Fortunately, with the Unison HomeBuyer program, you only need to save up 10% of the down payment—and in some cases, as little as 5%. Unison will pitch in the remaining 10-15% to help you avoid PMI and get a better mortgage rate.

With Unison, there are no monthly payments, and Unison is paid from a portion of your home's appreciated value when you sell in the future, up to 30 years later.

How can I build home equity?

There are two ways to increase your home equity:
  • Increase the property value of your home.
  • Decrease the amount owed on your loan.

How do I increase my property value?

1. Make home improvements.

Upgrading your kitchen counters may feel like a splurge when you're trying to pay off your mortgage, but improvement projects can increase your home's value.

It is just as important to invest in the regular maintenance of your home as it is to remodel or make improvements. A beautiful new kitchen isn't going to do much for your equity if the roof is leaking. Routine repairs aren't very fun, but they are crucial to building equity.

Regular lawn care is also important, especially if you plan on selling your home. Potential buyers are interested in your home's good bones, but curb appeal can seal the deal.

Overall, keeping your home up to date with maintenance and upgrades increases your home's market value, which makes it easier to sell.

2. Get involved in your neighborhood.

Taking an interest in your community is a great way to boost your home's value in the long term.
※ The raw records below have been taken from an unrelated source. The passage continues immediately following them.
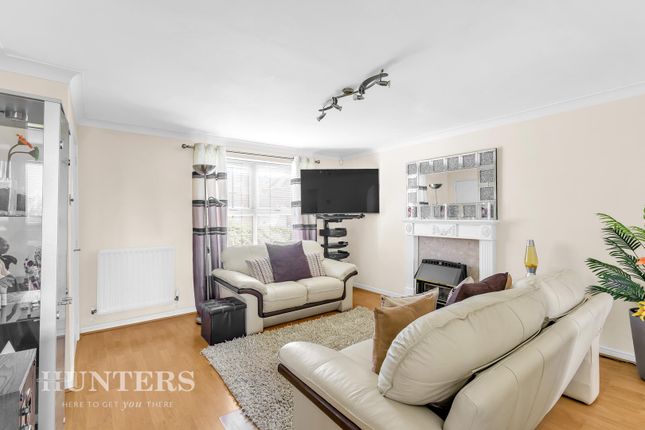 12, Moorwood Drive, Oldham photo 4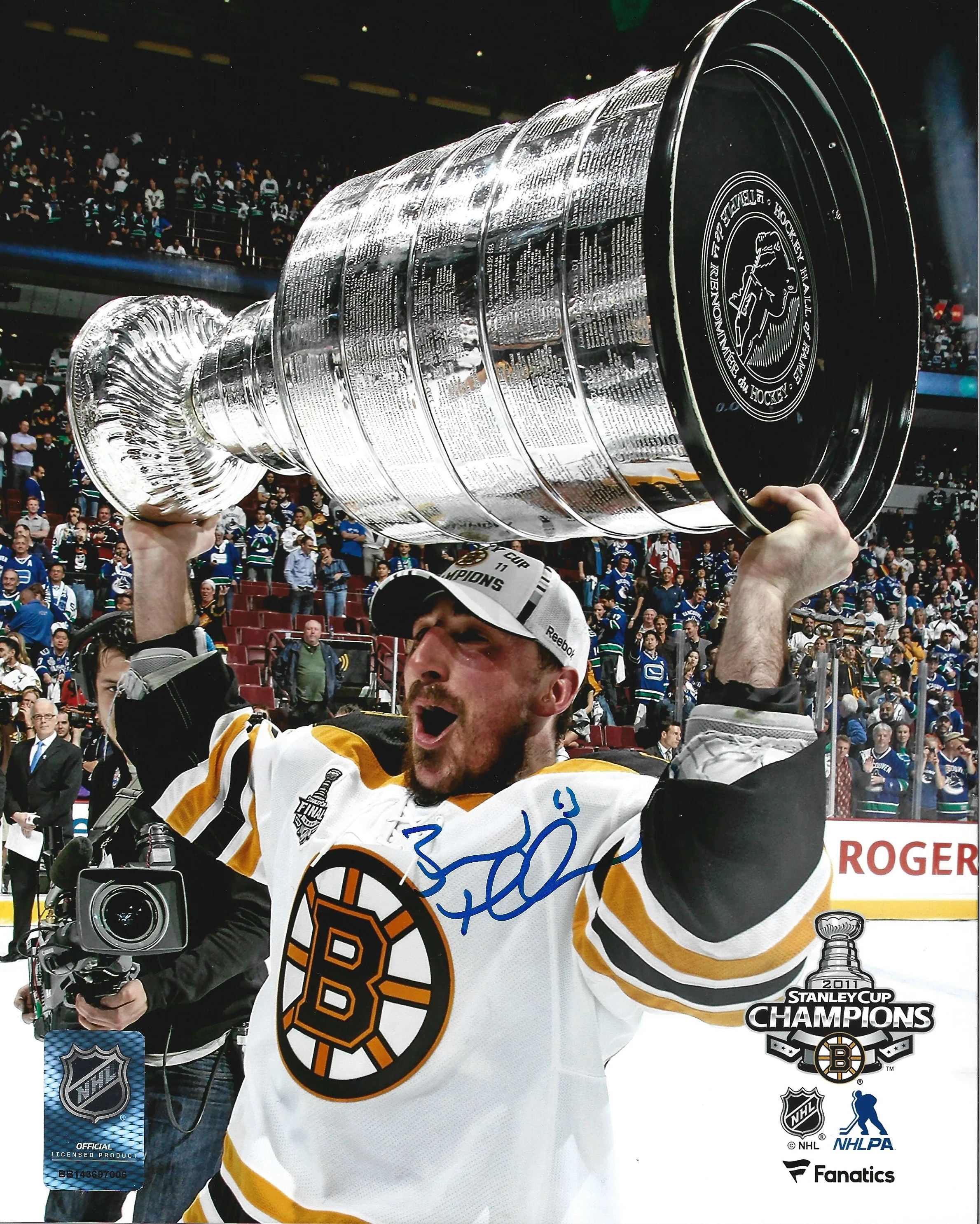 Brad Marchand 2011 Stanley Cup Boston Bruins Autographed 16" x 20" Hockey Photo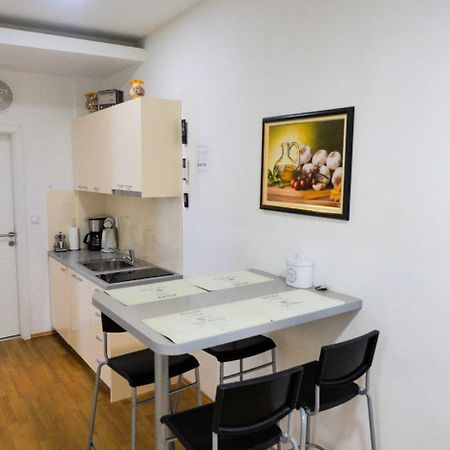 זאגרב F12 Apartments מראה חיצוני תמונה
Home buyers are looking for a place to call home, and that includes the community where their real estate is located.

Whether your involvement takes the form of being neighborly or getting involved in your local government, building a coveted community is a great way to boost property values in your neighborhood and create equity in your home.

How do I decrease my debt?

1. Choose a 15-year mortgage over a 30-year mortgage.

Monthly mortgage payments may be higher with a 15-year-mortgage, but the trade-off is a lower interest rate. This means that you will pay less for more equity in the long run. The shorter term also means that you will build equity more quickly. If you already have a 30-year loan, don't sweat!

Refinancing is an option that can be arranged by your mortgage lender.

2. Make extra payments.

If you know that you have a bonus coming in December or always get a crisp $50 from your grandma on your birthday, put it towards your mortgage. Every bit of extra money counts when it comes to paying down your home loan.

If you're living alone with space to spare, renting out a bedroom is a great way to get some extra money to contribute towards your monthly mortgage payment. Being a landlord is not quite as straightforward if you don't plan on living in the home that you own. Lenders generally ask whether your home is being used as a primary residence because the loan is less likely to go into default.

The representations that you make to your lender can affect your interest rate, and can make you liable for fees or penalties if you aren't truthful on the mortgage application.

Occupancy is something mortgage lenders will confirm in person or over the phone, so honesty is always the best option. Your credit score will thank you later.

All in all, increasing your equity and decreasing your debt can be a mostly passive activity. Both will likely happen if you simply keep up with your mortgage payments. But if you take an active approach, you can more quickly maximize your equity and eliminate debt, putting you in a better overall financial position.